Urodzony w 1938 roku na terenach byłej Polski, obecnej Białorusi, w miejscowości Orańczyce. Przybył do PRL, jak wielu repatriantów. Tutaj czekał na niego Poznań, natomiast później, po maturze, znalazł się w Łodzi, gdzie studiował, a w roku 1960 ukończył Wydział Aktorski na PWSTiF i w następstwie Wydział Reżyserii Teatralnej. Początkowo jako aktor pracował w teatrach: Szczecina, Lublina, Opola i Poznania. Reżyserowali, grał przez 36 lat. Pomiędzy bytnością, na deskach sceny, pisał nie tylko poezję, ale i dramaty, bywał dziennikarzem, współpracował z „Tygodnikiem Kulturalnym", „Wprost", „Dziennikiem Poznańskim". Napisał także wiele słuchowisk radiowych. Uczestniczył w życiu literackim jako twórca, kojarzący się z formacją tzw. pokolenia poetów określanych przez innych „katastrofistami". Stykał się czynnie z nimi, nie tylko w Klubie Literackim w Poznaniu ale i w terenie, między innymi z Edwardem Stachurą, Ryszardem Bruno – Milczewskim, Jerzym Szatkowskim, Witoldem Różańskim, Andrzejem Babińskim. Współdziałał z Ryszardem Krynickim, Stanisławem Barańczakiem, Jerzym Grupińskim, a także z Ireneuszem Iredyńskim, czy choćby z Andrzejem Krzysztofem Waśkiewiczem z Gdańska, ze Zbigniewem Jeżyną i Jerzym Leszinem – Koperskim z Warszawy. Wiemy, że ci pierwsi, dziś w literaturze zwani „ogniwami czarnego łańcucha", byli niepokornymi duchami Klubu Literackiego „Zamek" w Poznaniu.
Edmund Pietryk – artysta aktor, reżyser, poeta, prozaik i dziennikarz, dramaturg, kreujący humanistyczny wizerunek osoby ludzkiej, uwikłanej głownie w fenomen śmierci, był i jest niezwykle płodnym twórcą. Zaiste imponująca to twórczość, choć metafizyczna – ale wcale nie turpistyczna.
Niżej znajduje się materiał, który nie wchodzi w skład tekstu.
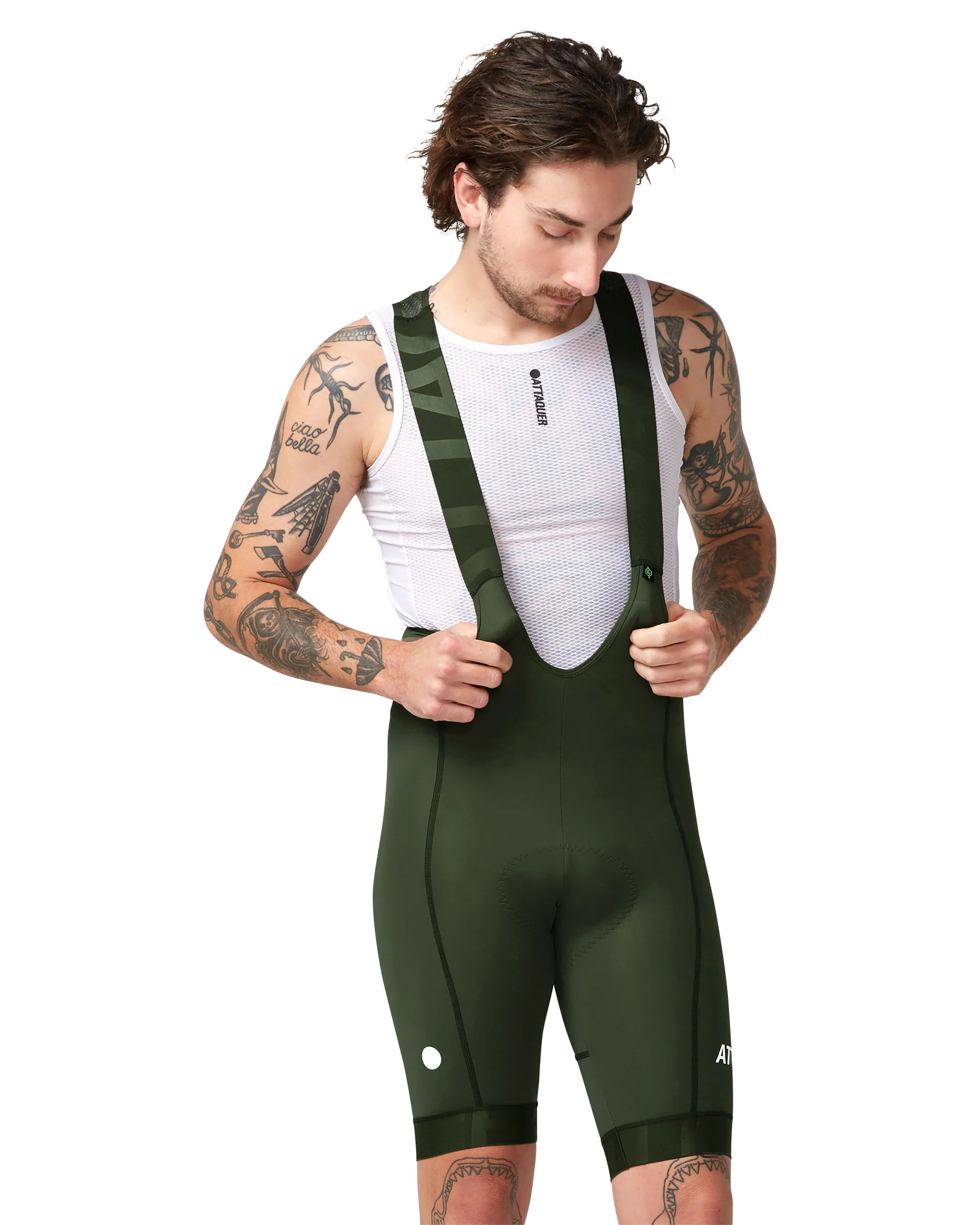 All Day Bib Short Pine-Attaquer Dead Stock-Attaquer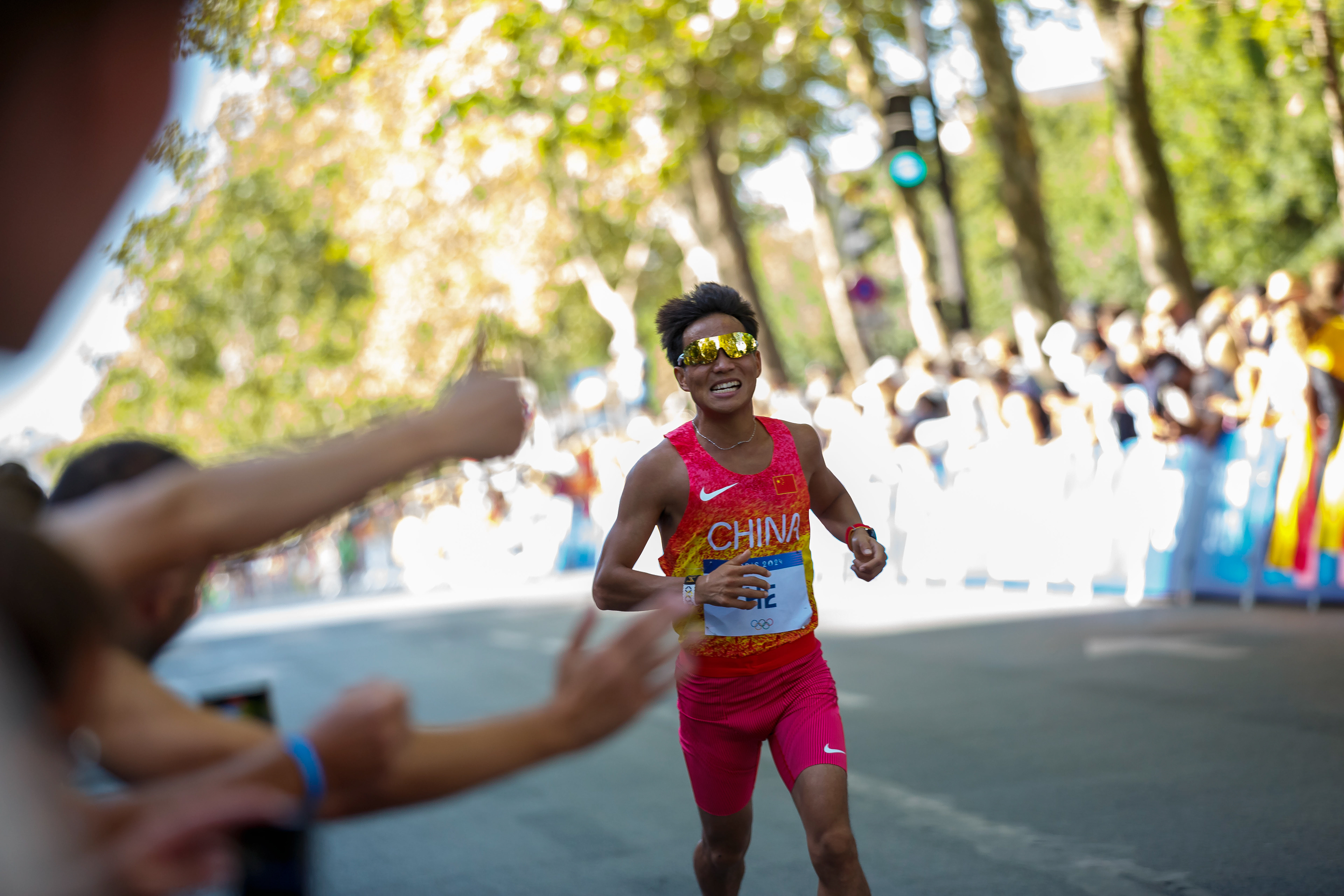 Septembre : JO 2024 Marathon Canon 5D Mk III Canon 70-200 f 3,2 1/800, Iso 1250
Jak inni z tamtego okresu był również niespokojną duszą, przemieszczał się czymkolwiek i gdziekolwiek w różne miejsca, tam gdzie tylko czas i intuicja wiodła, głownie do przyjaciół poetów, u których coś interesującego się działo. Dziś wydaje się, że pisarstwo jego zaczyna weryfikować jego własne życie. Tamta gra na scenie była pewnego rodzaju czynną inspiracją i płomieniem dramatycznym, bo poezje Edmunda Pietryka są pewnego rodzaju modlitwami. Już we wczesnych tomikach, prawie w każdym, znajdujemy teksty dotyczące śmierci i przemijania. Są to opisy wstrząsające, bardzo obrazowe. Czasem obfitujące w detale. Wydaje się, że poeta, tropi śmierć, podgląda ją i bywa jednym z tych, którzy znikają bezpowrotnie w oparach czerni, to znów jest obecny, żeby wcielić się w zwykłego człeka. Ściga śmierć i dochodzi racji, skąd i dlaczego ona tak bezpardonowo przychodzi ze swoimi wyszukanymi atrybutami...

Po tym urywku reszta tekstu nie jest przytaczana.